John Feldt ERPA CPC QPA Posted June 10, 2008 Posted June 10, 2008 A plan has 4 participants, 2 HCEs, 2 NHCEs, as of 1-1-2008. They want to amend by June 30, 2008 to provide full vesting for all participants in the plan 1-1-2008. New entrants July 1, 2008 and thereafter are subject to the graded 20% schedule. Any problems doing this?
J Simmons Posted June 10, 2008 Posted June 10, 2008 How many new HCEs and new NHCEs are slated to come into the plan on 7/1/2008? John Simmons johnsimmonslaw@gmail.com Note to Readers: For you, I'm a stranger posting on a bulletin board. Posts here should not be given the same weight as personalized advice from a professional who knows or can learn all the facts of your situation.

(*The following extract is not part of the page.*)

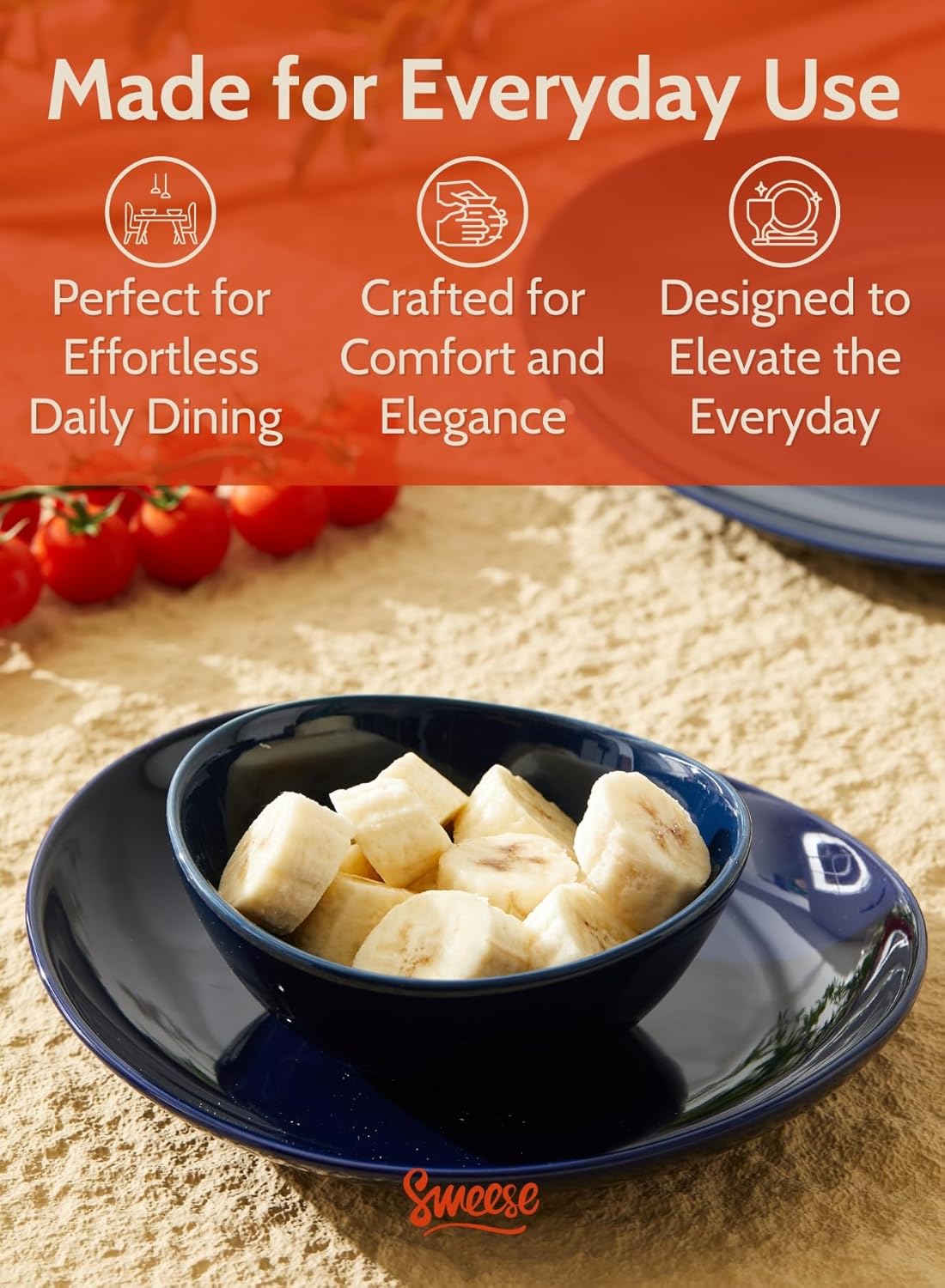 Sweese Porcelain Bowls Set - 5 Inch, 10 oz, Assorted Colors for Desserts, Soup, Rice, 6 Pack, Microwave Dishwasher Safe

John Feldt ERPA CPC QPA Posted June 11, 2008 Author Posted June 11, 2008 1 NHCE would enter 7-1-2008.
J Simmons Posted June 11, 2008 Posted June 11, 2008 So the amendment to grant full vesting to participants as of 1/1/2008 would benefit 2 of 2 HCEs and, if counting the NHCE expected to enter on 7/1/2008, only 2 of 3 NHCEs. The timining of this amendment doesn't smell good to me. John Simmons johnsimmonslaw@gmail.com Note to Readers: For you, I'm a stranger posting on a bulletin board. Posts here should not be given the same weight as personalized advice from a professional who knows or can learn all the facts of your situation.

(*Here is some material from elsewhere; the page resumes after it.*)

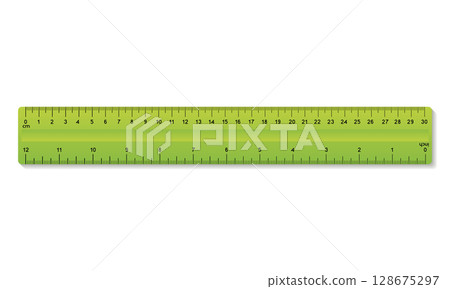 Green School Ruler Measurement Tool Vector Illustration with Shadow Isolated on White Background 128675297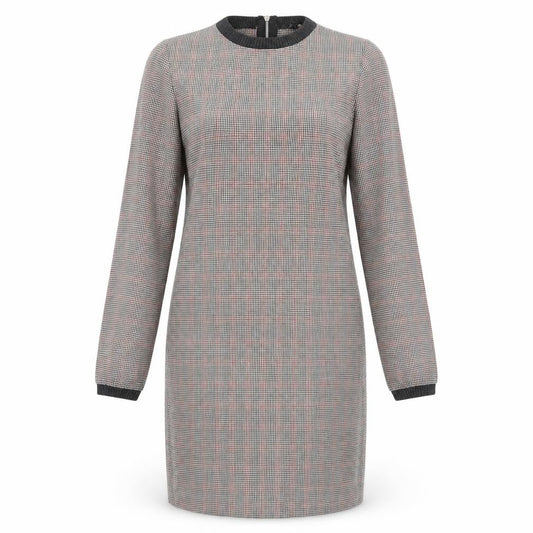 Zara Womens Brown Plaid Cotton Jumper Dress Size XS Round Neck Zip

david rigby Posted June 11, 2008 Posted June 11, 2008 If the amendment is effective 06/30/08, should the 07/01/08 new participant be part of the decision process? I'm a retirement actuary. Nothing about my comments is intended or should be construed as investment, tax, legal or accounting advice. Occasionally, but not all the time, it might be reasonable to interpret my comments as actuarial or consulting advice.

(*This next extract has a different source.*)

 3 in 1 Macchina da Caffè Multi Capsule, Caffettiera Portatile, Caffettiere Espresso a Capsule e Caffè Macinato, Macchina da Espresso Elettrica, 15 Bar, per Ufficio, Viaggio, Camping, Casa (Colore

John Feldt ERPA CPC QPA Posted June 11, 2008 Author Posted June 11, 2008 I'm not sure. I don't think so, I find no requirement to include them for testing the amendment for discrimination.
JanetM Posted June 11, 2008 Posted June 11, 2008 Since the person who would enter on 7/01/08 would not have earned a right to enter the plan until after 6/30 is over. If the plan is amended before 6/30 then the participant will follow eligibility of plan as it is written on 7/01. I agree with John that this smells bad. If this is small company that thinks it will grow in the future - vest all those employeed and treat new hires different. Seems to be slap to NHCE who must know about the plan to change it like this. You WILL have to give out SMM so it will be noticed. JanetM CPA, MBA
david rigby Posted June 11, 2008 Posted June 11, 2008 Seems to be slap to NHCE who must know about the plan to change it like this. I disagree with that conclusion. The proposed amendment does not harm any participants; does not harm any employees. Why does that "smell bad"? Rather than a slap, it looks like a pat on the back for those who get the vesting. I'm a retirement actuary. Nothing about my comments is intended or should be construed as investment, tax, legal or accounting advice. Occasionally, but not all the time, it might be reasonable to interpret my comments as actuarial or consulting advice.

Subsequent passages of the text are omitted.